Zoning Overhaul Criticized As Harmful in Short Term
Despite almost unanimous disapproval of Cambridge's 20-year-old zoning ordinance, many on the City Council said at a public hearing last night that creating a new comprehensive zoning plan might make it more difficult for city residents to fight overdevelopment.
Community Development Department Director Michael Rosenberg described the existing ordinance as "impenetrable," and offered to put his agency to work on a new, long-term revamping of the city's zoning laws. Mayor Alfred E. Vellucci said Councillor William H. Walsh had suggested the overhaul.
But several liberal councillors and members of the public said that such a plan could allow the department to ignore pressing community needs.
"There are communities out there saying, 'We want zoning right now'," said Councillor Saundra Graham. "Does this impact the right of citizens to file those petitions?"
Rosenberg said his department might have to freeze certain kinds of development during the transition from old to new zoning, but he said his department could still work on such petitions.
While Councillor Alice K. Wolf said she applauded the spirit of a a policy written "in English instead of Zoningese," she asked whether the length of time required to design the new plan could jeopardize communities with immediate problems.

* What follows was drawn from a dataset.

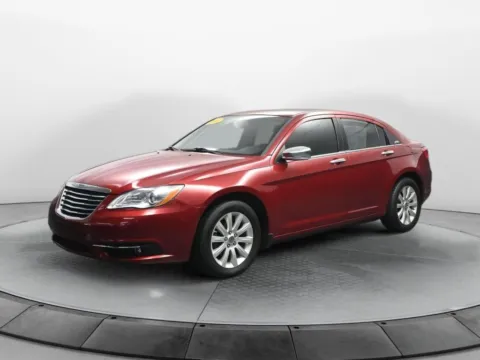 Red 2014 Chrysler 200 Limited for sale in Terre Haute, IN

Another problem discussed was the degree to which the department would consult community residents and developers. Councillor David E. Sullivan said a series of smaller zoning proposals might give communities more power over the process.
Walsh suggested that a committee of citizens and developers advise the department's efforts.
Creating a new zoning plan, some councillors said, could be seen as a way of postponing debate on more pressing issues.
Citizens might view the overhaul as "just a way of fending off what needs to be done," said Councillor Francis H. Duehay '55. "We've got to react to that."
Rosenberg said the new project would have to simplify the language of the code and define city policy on commercial development as well as environmental and neighborhood issues.
To do so, he said the department would need better systems to handle large amounts of information. For example, he proposed using computers to build three-dimensional pictures of development projects' likely results.
Several members of the public said the Community Development Department might not be trustworthy enough to be given such broad control of zoning policy. Some said the department has a penchant for secrecy, noting that copies of last night's proposal were not distributed to the public.
"That is a perfect example of what this department is going to provide, and it's the basic reason we don't trust this department," said William Noble of the Cambridge Tenants' Union.
Furthermore, another speaker said, copies of the current zoning ordinance were not available for several years. When the department finally published copies for the public, they cost $35 a copy. He noted that, at $10 a pound, the ordinance was "a slightly better bargain than shrimp."